Dopo la segnalazione di un caso nel Tennessee, si parla di allarme mucca pazza negli Stati Uniti. Ecco cosa c’è di vero e perché non c’è motivo di preoccuparsi.
Nelle ultime ore è stato segnalato un caso di mucca pazza negli Stati Uniti e alla diffusione della notizia sono immediatamente seguiti allarmismi e preoccupazioni. In realtà, non c’è ragione di pensare a un allarme mucca pazza e tanto meno a una possibile epidemia. Il caso segnalato, infatti, non fa presupporre alcuna caratteristica di rischio.
Allarme mucca pazza negli Stati Uniti, cosa c’è di vero
Il dipartimento dell’agricoltura statunitense ha comunicato la scoperta di un caso di mucca pazza, dando prova di un sistema di controllo piuttosto rapido ed efficiente. In particolare, l’animale in questione è affetto da una forma particolare di mucca pazza, (tecnicamente chiamata encefalopatia spongiforme bovina) del tutto atipica.
In particolare, questa forma di malattia è diversa da quella conosciuta durante l’epidemia degli anni ‘90, in quanto spontanea e con cause di contagio non ancora identificate. Nonostante ciò, il fattore di rischio è pressoché nullo, dato il raro contagio e il sistema di sorveglianza. Proprio grazie all’efficienza dei controlli, infatti, una volta isolato il caso l’animale non è stato neanche macellato.
La scoperta della mucca malata, originaria del Tennessee, non dovrebbe pertanto preoccupare tanto. Si tratta del settimo caso in tutto il paese, un fattore molto basso per poter anche solo pensare a un allarme. L’Organizzazione mondiale per la salute animale (Woah per usare l’acronimo statunitense) ha peraltro ricordato che esiste una specifica suddivisione del rischio sanitario.
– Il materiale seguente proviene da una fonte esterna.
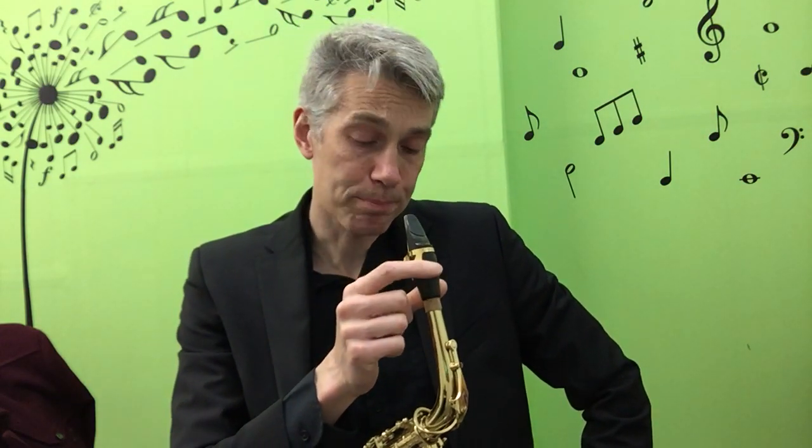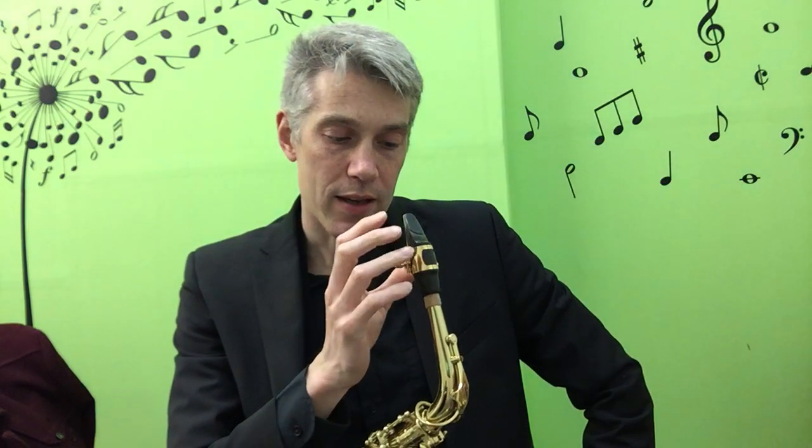Hi, it's Neil McGovern here and this is a very short video about jazz and classical embouchure on the saxophone. I've got my Selmer C-Star mouthpiece on here and it has a three and a half strength Van Doren V12 reed with an optimum ligature. It's mainly what I would use for my classical setup.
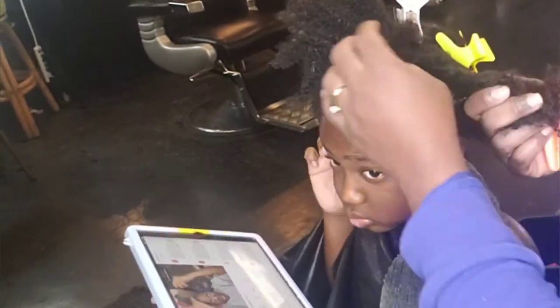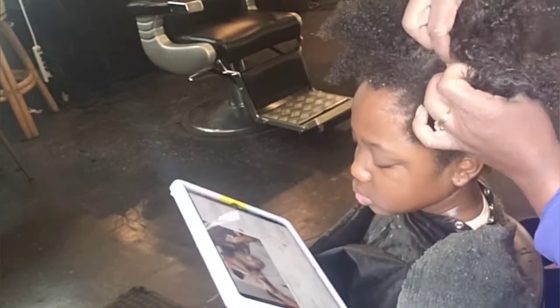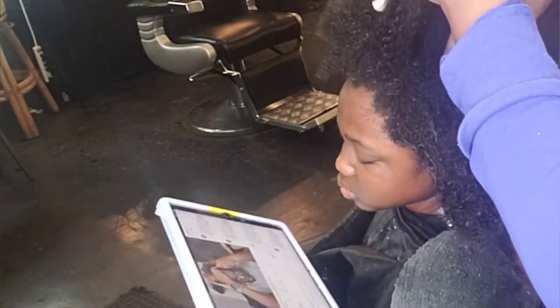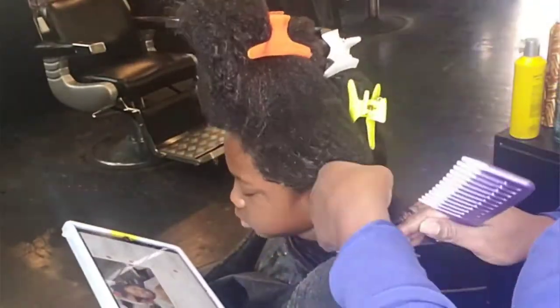We're going to do the rest of the sections, and then I'll come back after it is all twisted up and show you the correct way to blow dry it. You can let it air dry if you want, but I will show you how to blow dry it in just a minute.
Nel dettaglio, gli Stati Uniti appartengono alle aree a rischio trascurabile, così come l’Italia e gran parte dell’Europa.
La trascurabilità del rischio deriva principalmente da tre aspetti che contribuiscono a mantenere il pericolo sotto una soglia rilevabile, nel dettaglio:
- La funzionalità del sistema di sorveglianza per la salute animale;
- l’assenza di casi indigeni di mucca pazza in animali nati dopo il 2012;
- la presenza di normative stringenti sui mangimi, soprattutto il divieto di somministrare ai ruminanti alimenti ottenuti a loro volta da altri ruminanti.
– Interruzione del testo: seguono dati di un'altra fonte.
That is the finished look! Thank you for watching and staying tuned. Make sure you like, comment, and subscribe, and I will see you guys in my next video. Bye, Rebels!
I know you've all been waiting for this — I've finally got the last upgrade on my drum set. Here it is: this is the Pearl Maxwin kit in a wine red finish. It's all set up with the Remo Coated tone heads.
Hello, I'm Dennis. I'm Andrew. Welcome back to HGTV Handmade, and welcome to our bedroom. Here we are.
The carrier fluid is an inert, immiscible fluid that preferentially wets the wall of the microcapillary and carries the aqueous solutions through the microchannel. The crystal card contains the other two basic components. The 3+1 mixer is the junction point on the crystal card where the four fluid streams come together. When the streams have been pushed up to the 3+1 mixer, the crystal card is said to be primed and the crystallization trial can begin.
Nell’insieme, l’attuazione di queste precauzioni e il ridottissimo numero dei casi sono molto rassicuranti in tema di rischio sanitario. Anzi, proprio la rapidità con cui il caso è stato individuato dovrebbe rassicurare sull’operosità dei controlli.
Cos’è la mucca pazza e perché non serve preoccuparsi
La mucca pazza è una malattia neurologica, degenerativa e irreversibile che colpisce per l’appunto i bovini. Il nome scientifico è encefalopatia spongiforme bovina, nota anche come Bse (dall’acronimo del corrispettivo inglese). Il nome convenzionale di mucca pazza deriva proprio dagli insoliti cambiamenti comportamentali (ad esempio l’aggressività) che figurano tra i sintomi principali.
Nonostante la malattia sia stata praticamente debellata, ancora oggi sono ignote diverse caratteristiche che la riguardano. È comunque certo che a causarla sia una proteina “difettosa” e che il principale mezzo di contagio siano i mangimi infettati da altri animali malati. Proprio per questo, l’accurato controllo dei mangimi è fondamentale a tenere sotto controllo qualsiasi possibile diffusione.
A livello globale, ormai, la mucca pazza non costituisce un rischio apprezzabile, come ricorda il Woah, ma in passato non è stato così. Le proteine che causano la mucca pazza, infatti, sono responsabili anche della vCJD (variante Creutzfeldt-Jakob) in grado di infettare l’uomo e portare a conseguenze disastrose, proprio come è successo negli 90.
I casi più recenti, però, oltre a essere isolati sono perlopiù dovuti alla forma spontanea di Bse, che sorge senza nessuna causa particolare e soprattutto senza un precedente contatto con cibo o materiali infettati. Nonostante non sia ancora chiara la causa originaria che porta alla formazione delle proteine responsabili (i prioni), gli esperti ritengono probabile che questa forma atipica sia influenzata soprattutto dalla genetica e da fattori ambientali. Di conseguenza, non si può supporre la presenza di altri animali contagiati ed è altrettanto escludibile un nuovo contagio, dato che la mucca del Tennessee non è stata macellata (e la malattia non sembra trasmettersi diversamente).